Resource management with Swarm in production

Hi guys,

I’m currently building a infrastructure based on Docker and Swarm on top of AWS, and I wonder how to manage efficiently resources and performances in a cluster.

Docker introduced new orchestration methods, adopted by Swarm, Kubernetes, Rancher… They all have in common an automated container scheduling. It looks very promising, but does anybody can provide a feedback on large cluster and at scale ? I mean, for a production setup, living longer than a 15 minutes demonstration ?

Weakness I see in modern container lifecycle:

  • In a web stack, resource consumption is not flat: day vs night, weekday vs weekend, December vs January (in e-commerce)… => Scheduling strategies don’t take into account that available CPU and RAM can change over the time.
  • Scheduling 42 single threaded NodeJs containers on a 32-CPU host => context switching, swap, inefficient
  • Hard to know which service should be manually scaled when a VM -hosting random containers- consume 100% of CPU.
  • Service can run slower because co-hosted containers eat resources
  • After a node failure, containers are re-scheduled on different VM, but it makes much more context switching, and can slow down a whole app.
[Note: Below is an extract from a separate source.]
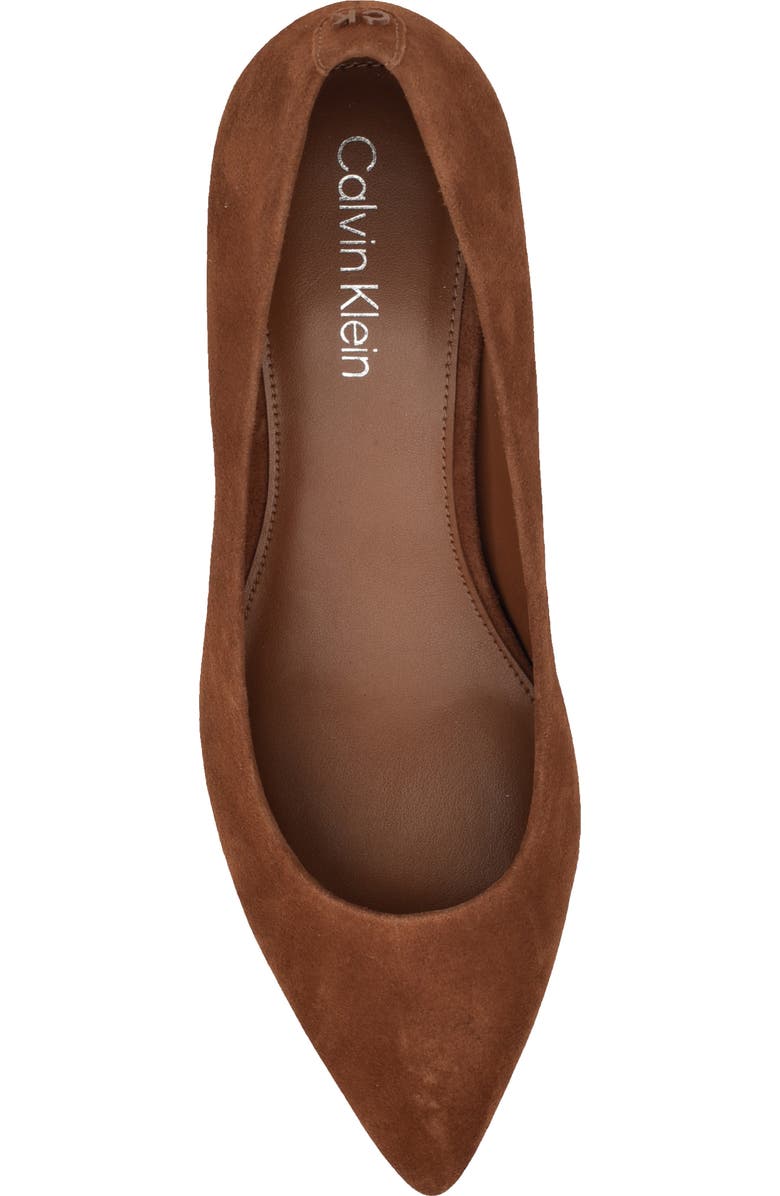 Calvin Klein Lenott Pointed Toe Pump, Alternate, color, Light Natural 111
Why not keeping containers stopped until a new host is up, affecting only a few micro-service load and response time ?
  • What about databases ? They often need dedicated resources and should not share CPU/RAM with other containers. What happens in an infrastructure average response time when a VM die and Swarm move the db onto an host already running random containers (even db) ?
  • When an autoscaling group detect the load is going up, it starts a new instance. But how to reschedule some containers on it ?

Starting more VM than needed is the easiest work-around/bullshit, but it”s definitely a waste and a bad practice !!
Should we kill containers on a regular basis to rebalance containers on “available” VMs ?

Did anybody try to solve this kind of issues ?

Have not tested all the orchestration options but with Kubernetes CPU requests and limits may be specified and autoscaling set for varying loads. Some references:

I didn’t try yet, but randomness should be addressed using labels on nodes and services.
I think you can label group of nodes and create services using those labels to restrict which services run on which nodes

How can I auto-migrate / rebalance containers of already running service to a newly added worker node?
Do I really need to kill the running containers?!

@dvohra K8s seems to offer more options for optimisations :clap:

@robymes Yes, but it does not solve most of problems I mentioned :frowning:

sl4dy Same problem here. Docker can pause containers. But Swarm is still not able to hot-move them like we used to do with virtual machines. Need confirmation on that.